◆ **Task prompt**: Copy out again, unchanged, the listing below from the line that has "Open concept kitchen, ceramic/tile" through the line that has "Foto del edificio".

◆ **Data supplied**:
##############################

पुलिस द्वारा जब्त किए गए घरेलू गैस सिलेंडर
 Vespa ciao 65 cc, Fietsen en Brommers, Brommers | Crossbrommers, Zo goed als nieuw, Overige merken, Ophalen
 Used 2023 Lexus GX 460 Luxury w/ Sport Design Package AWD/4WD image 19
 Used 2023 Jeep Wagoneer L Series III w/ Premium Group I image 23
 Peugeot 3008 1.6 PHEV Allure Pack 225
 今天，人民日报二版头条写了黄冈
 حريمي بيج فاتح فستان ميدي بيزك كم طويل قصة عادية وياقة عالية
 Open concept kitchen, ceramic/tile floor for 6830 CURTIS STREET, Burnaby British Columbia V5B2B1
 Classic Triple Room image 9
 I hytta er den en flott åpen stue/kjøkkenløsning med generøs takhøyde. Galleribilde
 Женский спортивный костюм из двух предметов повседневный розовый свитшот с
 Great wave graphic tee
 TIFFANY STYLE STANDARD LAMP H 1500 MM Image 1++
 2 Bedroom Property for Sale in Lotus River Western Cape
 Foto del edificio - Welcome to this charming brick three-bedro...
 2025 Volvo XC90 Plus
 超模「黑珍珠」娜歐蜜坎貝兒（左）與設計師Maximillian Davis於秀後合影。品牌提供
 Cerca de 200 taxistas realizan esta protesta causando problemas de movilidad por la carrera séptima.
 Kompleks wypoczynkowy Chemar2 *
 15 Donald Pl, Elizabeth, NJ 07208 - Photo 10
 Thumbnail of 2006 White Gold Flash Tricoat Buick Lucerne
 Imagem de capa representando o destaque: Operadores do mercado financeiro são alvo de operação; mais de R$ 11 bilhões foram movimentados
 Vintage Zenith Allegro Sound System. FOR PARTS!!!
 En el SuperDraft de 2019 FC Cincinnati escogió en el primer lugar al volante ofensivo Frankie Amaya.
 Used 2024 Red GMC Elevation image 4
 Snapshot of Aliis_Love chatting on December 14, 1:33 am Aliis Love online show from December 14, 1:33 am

##############################

◆ **Response**:
 Open concept kitchen, ceramic/tile floor for 6830 CURTIS STREET, Burnaby British Columbia V5B2B1
 Classic Triple Room image 9
 I hytta er den en flott åpen stue/kjøkkenløsning med generøs takhøyde. Galleribilde
 Женский спортивный костюм из двух предметов повседневный розовый свитшот с
 Great wave graphic tee
 TIFFANY STYLE STANDARD LAMP H 1500 MM Image 1++
 2 Bedroom Property for Sale in Lotus River Western Cape
 Foto del edificio - Welcome to this charming brick three-bedro...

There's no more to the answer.